# Twitter Sentiment Analysis

The following code takes the libraries of data scraped from twitter and converts them into predictors that will be used for the future regression. We are interested in two types of predictors from the twitter data:

1) The share of tweets a contestant received for one episode.
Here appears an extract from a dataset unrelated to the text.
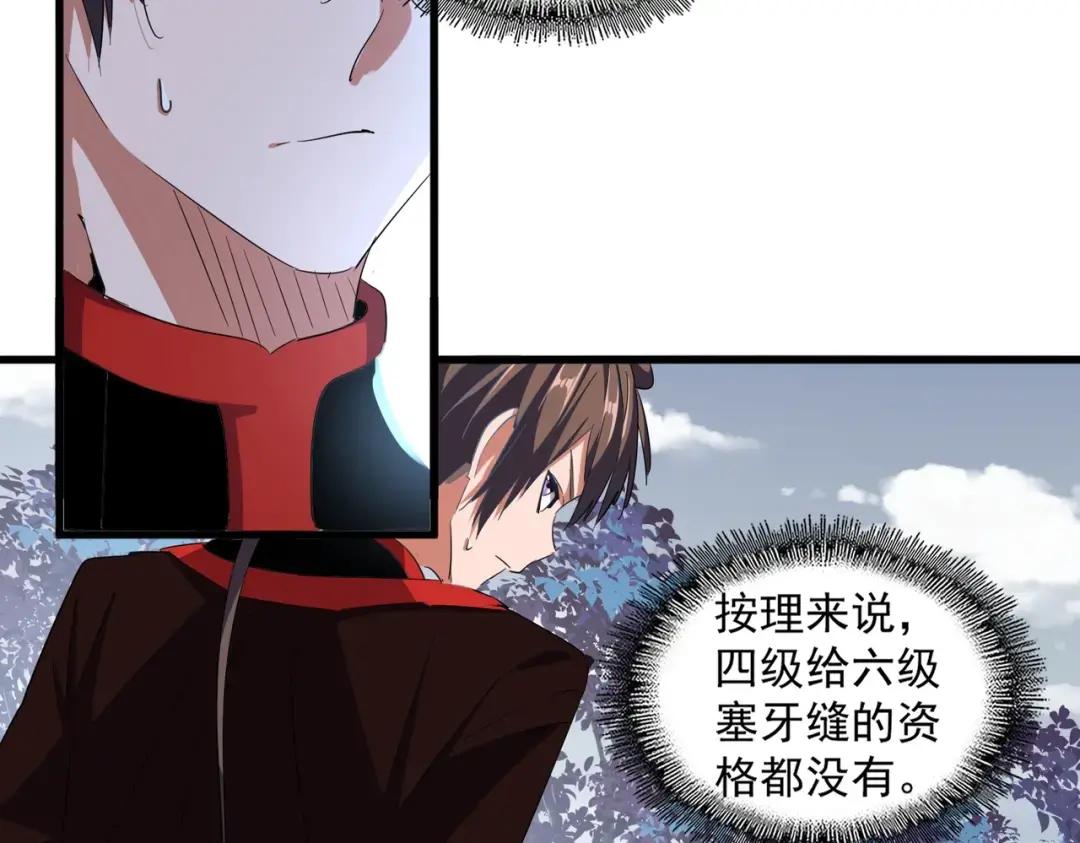 第328话 雷雀 第85页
2) The general positivity of a contestant's tweets for one episode.

In [1]:
%matplotlib inline

import oauth2
import simplejson
import numpy as np
import scipy as sp
import matplotlib as mpl
import matplotlib.cm as cm
import matplotlib.pyplot as plt
import pandas as pd
import time
pd.set_option('display.width', 500)
pd.set_option('display.max_columns', 100)
pd.set_option('display.notebook_repr_html', True)
import seaborn as sns
sns.set_style("whitegrid")
sns.set_context("poster")
from pyquery import PyQuery as pq
from bs4 import BeautifulSoup
import requests
import datetime
import json
import unittest, time, re
from pattern.en import parse
from pattern.en import pprint
from pattern.vector import stem, PORTER, LEMMA
from sklearn.feature_extraction import text
import nltk


In [75]:
#Load Contestant Name Data from wiki scrape
with open("tempdata/seasonsDict.json") as json_file:
    wiki_data = json.load(json_file)

#Fix known formatting problems:
wiki_data['19'][19]['eliminated'] = u'Eliminated in week 2'
wiki_data['19'][20]['eliminated'] = u'Eliminated in week 1'

w19 = []
for ww in wiki_data['19'][0:29]:
    w19.append(ww)
    
wiki_data['19'] = w19

#Load date guide
date_guide = pd.read_csv("date_guide.csv")

In [157]:
#Get all contestant names
cont_nam = []
for wkey in wiki_data.keys():
    for person in wiki_data[wkey]:
        cont_nam.append(person['name'])

#Strip names with weird formatting
def url_strip(r):
    if bool(re.search("href", r)):
        oval = r.split(">")[1].replace("</a","")
    else:
        oval = r
    if bool(re.search("u\"", oval)):
        return oval.replace("u\"","").replace("[","")
    else:
        return oval
    
full_names = map(url_strip, cont_nam)

#Get just first names
first_names = set(map(lambda r: r.split(" ")[0], full_names))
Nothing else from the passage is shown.